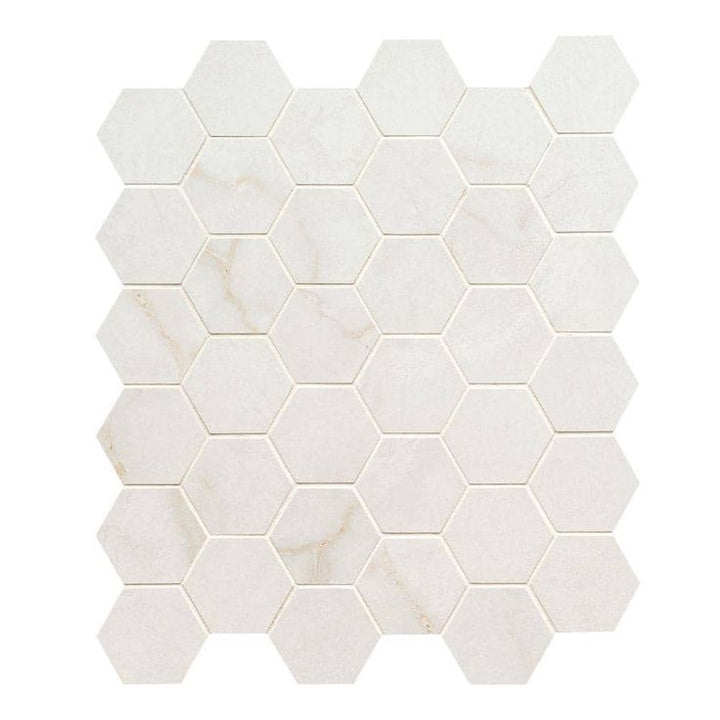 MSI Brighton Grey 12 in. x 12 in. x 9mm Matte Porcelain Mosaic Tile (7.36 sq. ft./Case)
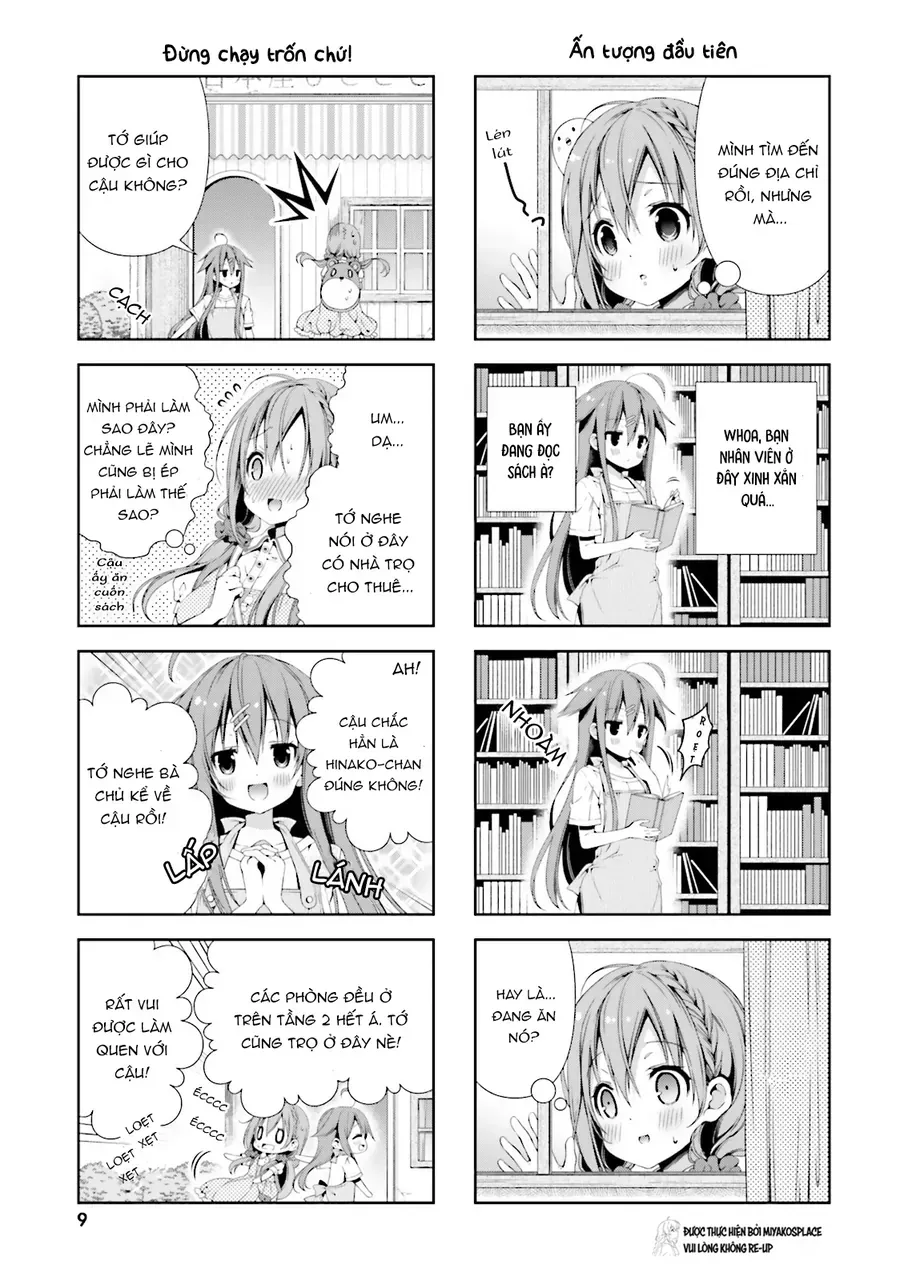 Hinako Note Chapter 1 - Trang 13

━━━━━━━━━━

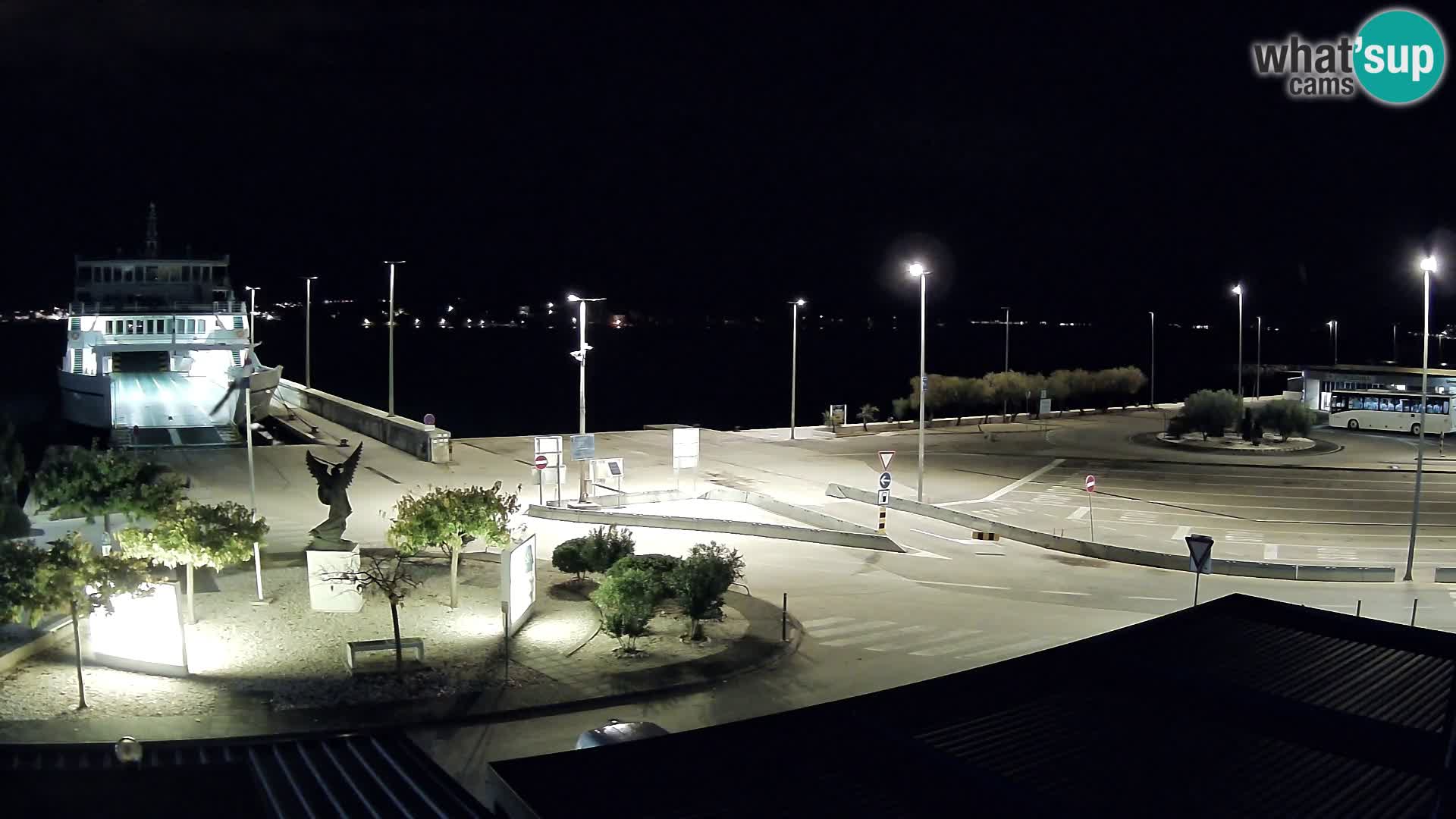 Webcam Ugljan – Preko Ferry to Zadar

━━━━━━━━━━

Work to be completed:
Your copy should hold the lines from the one with "MSI Brighton Grey" up to and including the one with "Hinako Note Chapter 1 - Trang 13", exactly as in the data above, and no pictures.

Your solution:
 MSI Brighton Grey 12 in. x 12 in. x 9mm Matte Porcelain Mosaic Tile (7.36 sq. ft./Case)
 Hinako Note Chapter 1 - Trang 13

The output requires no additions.